Bugün çok hareket yok. O da bizim şansımız. Hüseyin'in yarattığı boşluğu rahatlıkla kapatıyoruz. Saat dokuza doğru kızının rahatsızlığından dolayı Aşkın Şefi göndereyim derken bir biri arkasına iki araba geliyor. Yine de saat on olunca gönderiyorum Aşkın'ı.  İki masa bana kalıyor. İhtiyacınız olursa ayağınızla döşemeye vurun diyorum. Çağırma düğmesi alana kadar idare edeceğiz artık. Bu usul kabul görüyor. Dört numara eşiyle birlikte gelmiş rakı içiyorlar. Ayağıyla ahşap döşemeye hafifçe tık tık diye vuruyor. Hemen çıkıyorum merdivenlerden. Gülümseyerek, "İki çay alabilir miyiz?" diyor. Belki bu haberleşme işini daha da geliştirebilirim. Mesela bir numaralı masa tık diye bir sefer vurabilir ayağını. İki numara tık tık, üç numara tık tık tık. Beş masadan fazla olursa, o zaman bir garson devamlı yukarıda olur zaten. Nasıl olsa aşağıda oturacağım kışın devamlı. Sinyali alır almaz Hüseyin'e "Oğlum üç numaraya bir bakıver." derim artık. Bir de bakmışız bu haberleşme yöntemi Taş Ev'in alametifarikası olmuş. Her şey iyi, güzel de. Herkes Taş Ev demeyi bırakır, Tık Tık Restaurant kalırsa adı...

14 yorum:

  1. Taş ev güzel çok otantik geliyor kulağa :)

    YanıtlaSil
  2. Başlığın nedenini sonda okuyup öğrenince güldüm. Taş Ev ile biz de neler öğreniyoruz.

    Közde biber sarmasını göremedim. Resim açılmıyor. Yeniden yükleme çare olabilir mi?

    YanıtlaSil
    Yanıtlar
    1. Hayata bazen eğlenceli tarafından bakmak iyi geliyor :)
      Közde biber sarmasını yükleyeceğim ayrıca. Selamlar.

      Sil
  3. Ya yukarıdaki beş müşteri aynı anda bir şey istemeye kalkarsa? O zaman da restoranın adı "takatuka" olarak kalmasın :))

    YanıtlaSil
    Yanıtlar
    1. Bakın o daha da hoş :) "Takatuka Restaurant" Çok güldük eşimle :)))

      Sil
  4. Tık tık deyince başlıktan internet sitesi olarak algıladım, ne tatlı bir yöntem bulmuşsunuz.
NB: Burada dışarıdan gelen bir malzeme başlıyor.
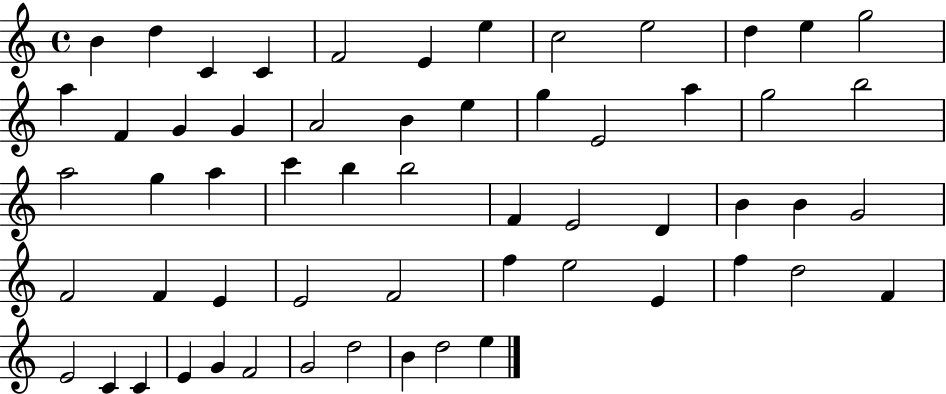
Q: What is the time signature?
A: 4/4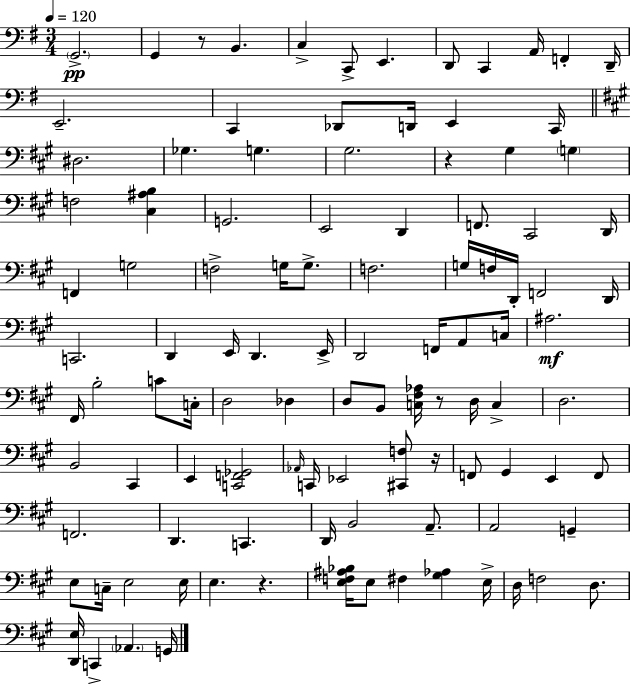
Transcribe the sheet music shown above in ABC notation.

X:1
T:Untitled
M:3/4
L:1/4
K:G
G,,2 G,, z/2 B,, C, C,,/2 E,, D,,/2 C,, A,,/4 F,, D,,/4 E,,2 C,, _D,,/2 D,,/4 E,, C,,/4 ^D,2 _G, G, ^G,2 z ^G, G, F,2 [^C,^A,B,] G,,2 E,,2 D,, F,,/2 ^C,,2 D,,/4 F,, G,2 F,2 G,/4 G,/2 F,2 G,/4 F,/4 D,,/4 F,,2 D,,/4 C,,2 D,, E,,/4 D,, E,,/4 D,,2 F,,/4 A,,/2 C,/4 ^A,2 ^F,,/4 B,2 C/2 C,/4 D,2 _D, D,/2 B,,/2 [C,^F,_A,]/4 z/2 D,/4 C, D,2 B,,2 ^C,, E,, [C,,F,,_G,,]2 _A,,/4 C,,/4 _E,,2 [^C,,F,]/2 z/4 F,,/2 ^G,, E,, F,,/2 F,,2 D,, C,, D,,/4 B,,2 A,,/2 A,,2 G,, E,/2 C,/4 E,2 E,/4 E, z [E,F,^A,_B,]/4 E,/2 ^F, [^G,_A,] E,/4 D,/4 F,2 D,/2 [D,,E,]/4 C,, _A,, G,,/4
Merak ettim kod adı İnci aradı mı yeniden?

    YanıtlaSil
    Yanıtlar
    1. :) Çaresizlik bazen insanı yaratıcı kılabiliyor:) Gerçek adı İnci olmayan ancak yazımın kahramanı olup İnci kod adını verdiğim kişi bu akşam aramış. Muhtemelen henüz yazımdan haberi yok. Salı günü gelemeyeceklerini ancak gelecek sezon ilk grup gezisini Kaystros Taş Ev'e yapacaklarını söylemiş. Allah taksiratımızı affetsin:))

      Sil
  5. Emeklerinize değdi sanırım, Taş Ev işleyişe geçmiş.Uzun ömürlü olmasını diliyorum. Eşinizin hazırladığı közde kapya biber görüntüsü çok güzel. Ben onu lor peyniri, domates ve biraz süzme yoğurt ekleyerek de yapıyorum.
    Kolaylıklar diliyorum.

    YanıtlaSil
    Yanıtlar
    1. Gelen giden beğendiğine göre sanırım emeklere değdi:) Evet reklamsız, açılışsız geçtik işleyişe. Teşekkür ederiz. Ben de öyle yaptı sanıyordum ama sanırım süzme yoğurttan başka havuç ve mayonez varmış.
      Sağ olunuz...

      Sil
  6. Sizin Hüseyin beye ihtiyacınız kalmamış tüm iletişim yolları mevcut :) Kapyalar enfes görünüyor bu aralar en çok tükettiğim :) bayılırım Güzelde yağ yakar aramızda kalsın :)

    YanıtlaSil
    Yanıtlar
    1. Değil mi?:)) Ben kapyayı geç keşfedenlerdenim. Ancak bu aralar en fazla tükettiğimiz sebze diyebilirim. Yağ yaktığını da sizden duydum. Öyleyse harika... Söz aramızda kalacak :))

      Sil
    2. Sevgili Mayıs Yağmuru: Aşağıdaki yorumunuz yanlışlıkla silinmiştir.

      Evet genelde tüm diyetlerde verilir :=) Birde size küçük tüyo vereyim kapyaları Jülyen doğrayıp bazen otlu tulum peyniri olarak ben servis ediyorum yada cevizli ama tulumlu olursa hafif sulanma riski var kendiniz bir deneyimleyin derim gayet lezzetli oluyor cevizlide :)

      Sil
    3. Bizde ceviz bol. Cevizin olduğu tariflere bayılırım. Eşime bahsedeceğim:) Teşekkürler.